__Work item__.
Your task is to repeat exactly the lines below between the line holding "VIDEO: Putin a" and the line holding "Massaggio terapista asiatico", inclusive, and only those.

__Material provided__.
══════════════════════════════

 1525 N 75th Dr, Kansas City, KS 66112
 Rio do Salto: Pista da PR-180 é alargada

══════════════════════════════

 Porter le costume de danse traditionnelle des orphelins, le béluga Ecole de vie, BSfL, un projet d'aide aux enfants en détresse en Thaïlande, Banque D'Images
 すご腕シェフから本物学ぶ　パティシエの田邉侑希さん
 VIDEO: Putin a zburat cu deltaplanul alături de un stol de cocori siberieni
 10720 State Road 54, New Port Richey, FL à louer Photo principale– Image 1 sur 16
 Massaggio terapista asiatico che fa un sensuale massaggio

══════════════════════════════

__Solution__.
 VIDEO: Putin a zburat cu deltaplanul alături de un stol de cocori siberieni
 10720 State Road 54, New Port Richey, FL à louer Photo principale– Image 1 sur 16
 Massaggio terapista asiatico che fa un sensuale massaggio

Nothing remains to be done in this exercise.